The victim also contends that this court should treat the trial court's allowance of her motion to seal as the granting of a motion to intervene. We disagree. The victim did not request intervention either as a matter of right or permissively, and accordingly, the trial court did not make findings or determinations as to the multifactor tests that govern each form of intervention. See Kerrigan v. Commissioner of Public Health, 279 Conn. 447, 456–57, 461, 904 A.2d 137 (2006). We cannot presume on a silent record that the court conducted this analysis, and we decline to undertake on appeal an inquiry entrusted, in the first instance, to a trial court. Moreover, the victim cited no authority in support of this argument until filing her reply brief, and that authority merely responds to the general proposition, asserted by the state, that third party intervention is not permissible in a criminal case.

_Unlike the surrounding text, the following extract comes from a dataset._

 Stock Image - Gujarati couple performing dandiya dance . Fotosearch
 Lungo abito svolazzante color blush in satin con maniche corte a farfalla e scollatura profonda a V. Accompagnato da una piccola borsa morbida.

We do not construe the state's arguments, as does the victim, as also challenging the propriety of the victim's limited participation in the proceedings before the trial court. Rather, we construe the state's arguments as contesting the victim's characterization of her participation, namely, that her filing of a motion in the criminal prosecution and arguing in support of it rendered her a “party” who had initiated an independent “action.” As we will explain hereinafter, there is statutory authorization for a victim advocate to file a limited special appearance for the purpose of advocating for a victim's rights. The victim's participation in the proceedings in the trial court, which consisted solely of her motion to seal the affidavit that identified her and oral argument related to the motion, was consistent with that statutory authorization.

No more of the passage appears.